- [Work required] Starting at the line that contains "svartkronehonningeter - ML644582127" and stopping at the line that contains "Nº694 #tattoo #tattooed", transcribe every line of the material below exactly; pictures stay out.

[Exercise data Boundary: Start]

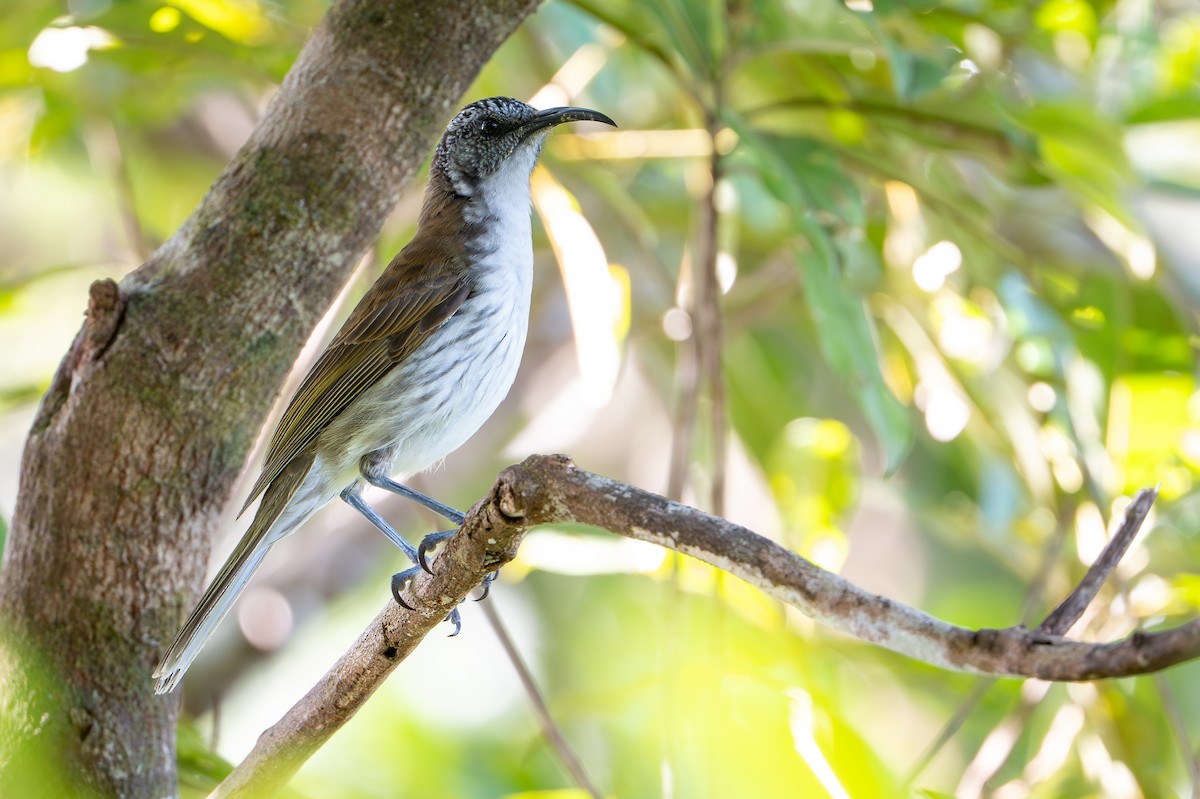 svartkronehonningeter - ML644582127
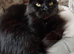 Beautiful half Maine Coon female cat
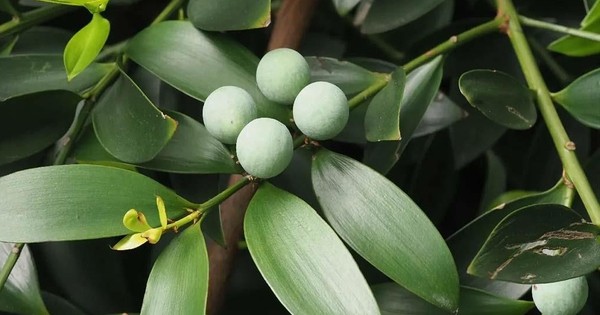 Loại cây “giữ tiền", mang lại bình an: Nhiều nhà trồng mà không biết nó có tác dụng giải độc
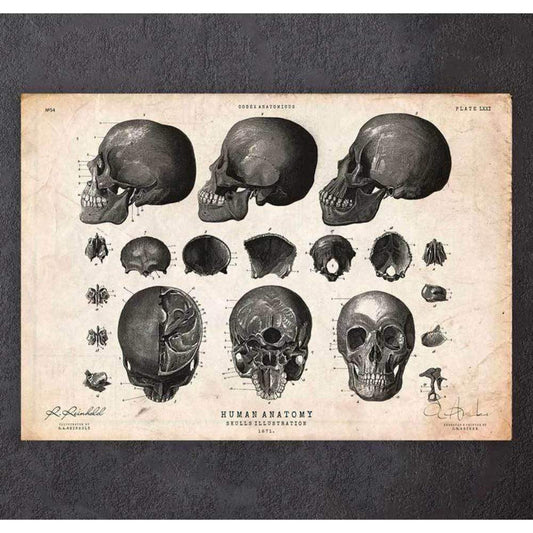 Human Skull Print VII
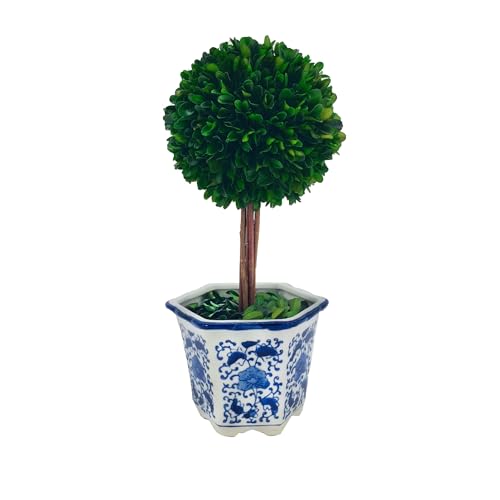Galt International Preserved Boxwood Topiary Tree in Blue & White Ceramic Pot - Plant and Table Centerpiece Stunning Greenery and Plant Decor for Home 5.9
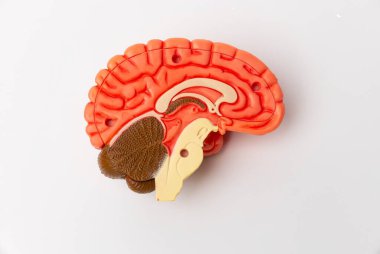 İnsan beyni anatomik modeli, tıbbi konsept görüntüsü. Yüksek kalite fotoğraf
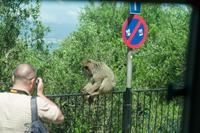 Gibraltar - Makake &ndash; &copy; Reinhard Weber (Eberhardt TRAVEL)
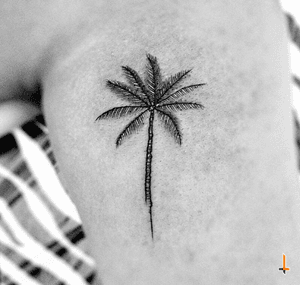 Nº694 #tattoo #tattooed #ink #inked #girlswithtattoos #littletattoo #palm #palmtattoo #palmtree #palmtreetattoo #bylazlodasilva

[Exercise data Boundary: End]
[Exercise data Boundary: Start]

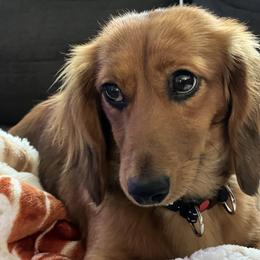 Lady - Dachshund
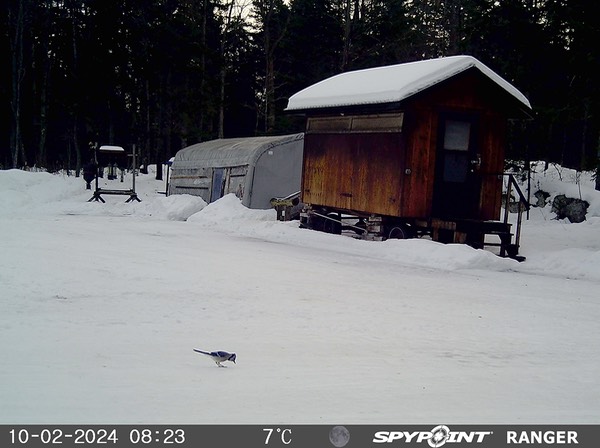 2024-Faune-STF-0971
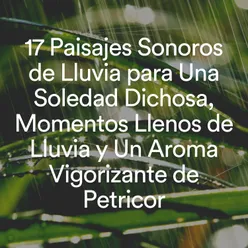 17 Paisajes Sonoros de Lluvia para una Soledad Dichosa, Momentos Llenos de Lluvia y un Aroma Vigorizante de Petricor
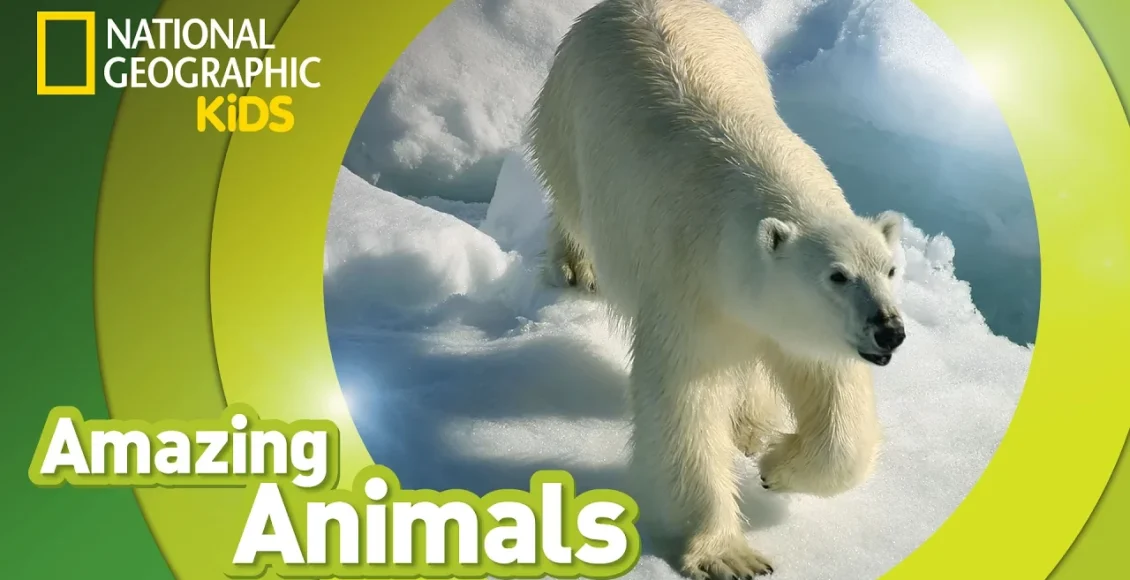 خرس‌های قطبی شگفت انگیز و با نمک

[Exercise data Boundary: End]
[Exercise data Boundary: Start]

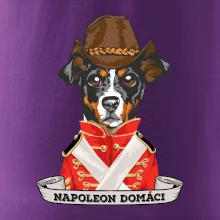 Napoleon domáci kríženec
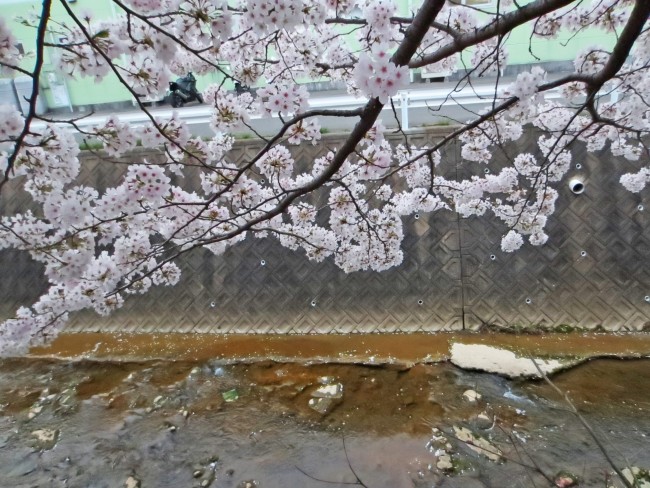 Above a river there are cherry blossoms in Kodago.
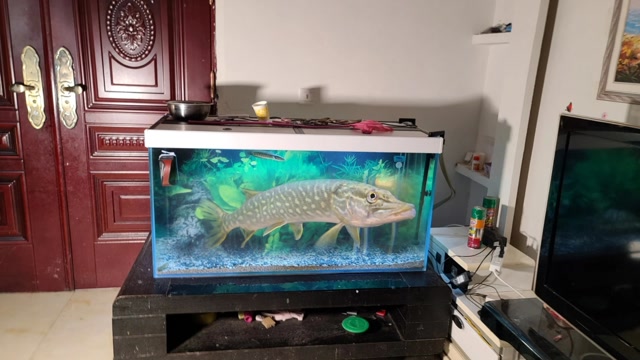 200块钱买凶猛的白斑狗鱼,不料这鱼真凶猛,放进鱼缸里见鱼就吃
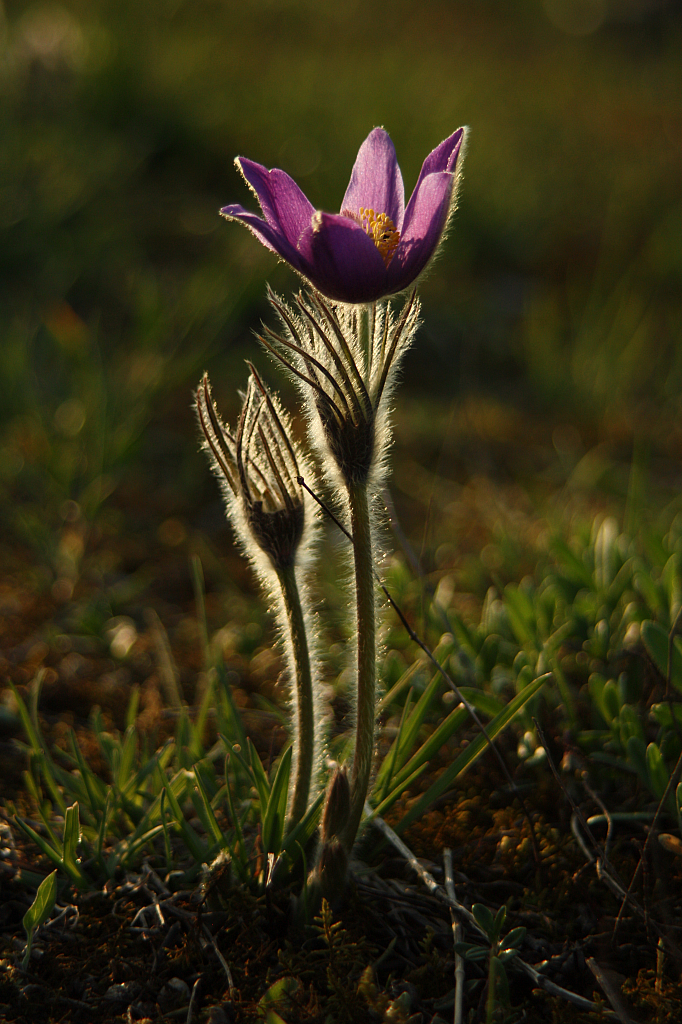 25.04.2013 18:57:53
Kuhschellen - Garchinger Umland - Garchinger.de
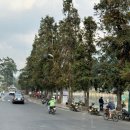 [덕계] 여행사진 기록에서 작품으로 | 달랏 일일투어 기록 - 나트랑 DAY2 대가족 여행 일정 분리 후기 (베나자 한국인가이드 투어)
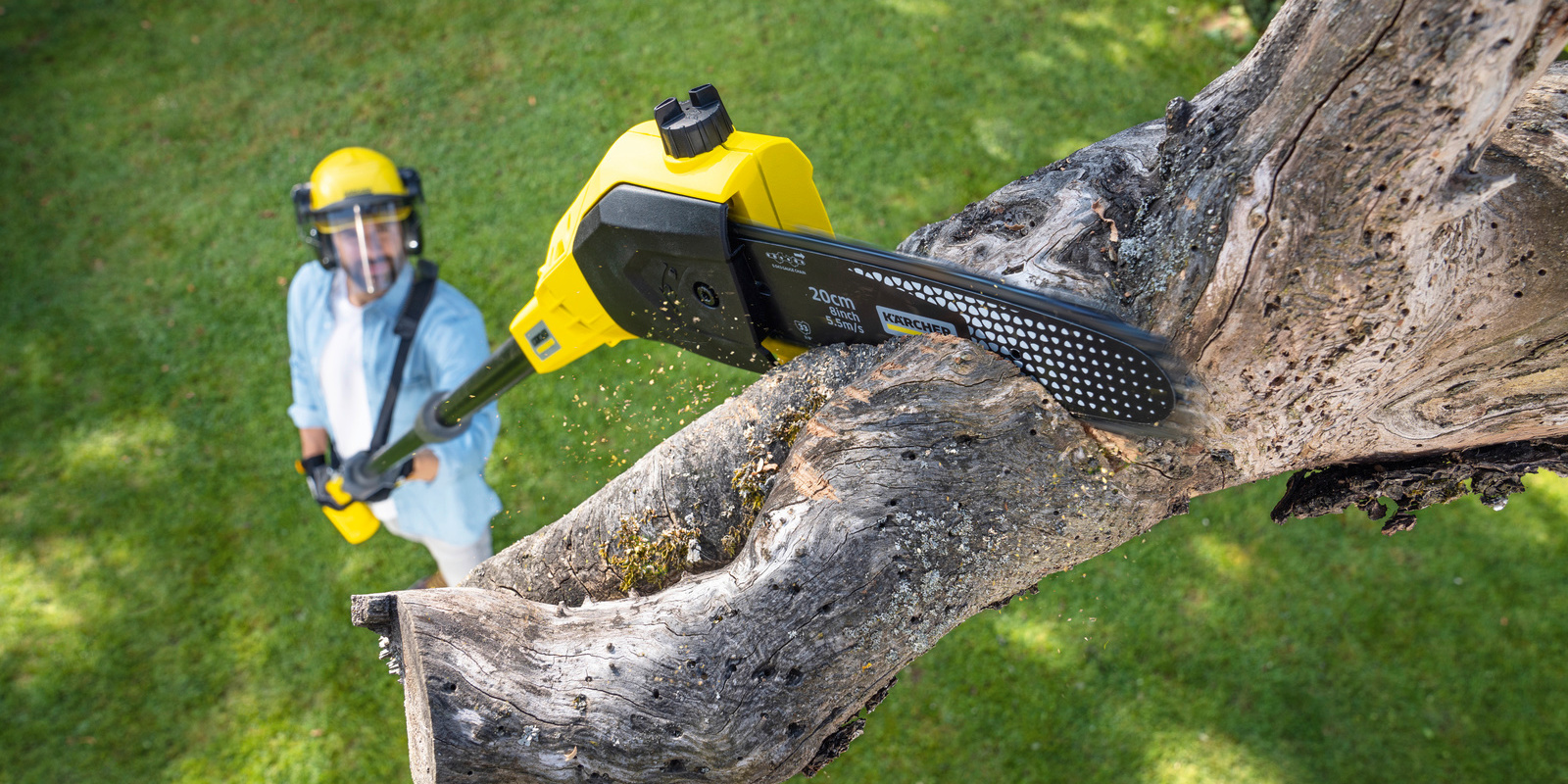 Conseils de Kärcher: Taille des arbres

[Exercise data Boundary: End]

- [Response area]
 svartkronehonningeter - ML644582127
 Beautiful half Maine Coon female cat
 Loại cây “giữ tiền", mang lại bình an: Nhiều nhà trồng mà không biết nó có tác dụng giải độc
 Human Skull Print VII
Galt International Preserved Boxwood Topiary Tree in Blue & White Ceramic Pot - Plant and Table Centerpiece Stunning Greenery and Plant Decor for Home 5.9
 İnsan beyni anatomik modeli, tıbbi konsept görüntüsü. Yüksek kalite fotoğraf
 Gibraltar - Makake &ndash; &copy; Reinhard Weber (Eberhardt TRAVEL)
 Nº694 #tattoo #tattooed #ink #inked #girlswithtattoos #littletattoo #palm #palmtattoo #palmtree #palmtreetattoo #bylazlodasilva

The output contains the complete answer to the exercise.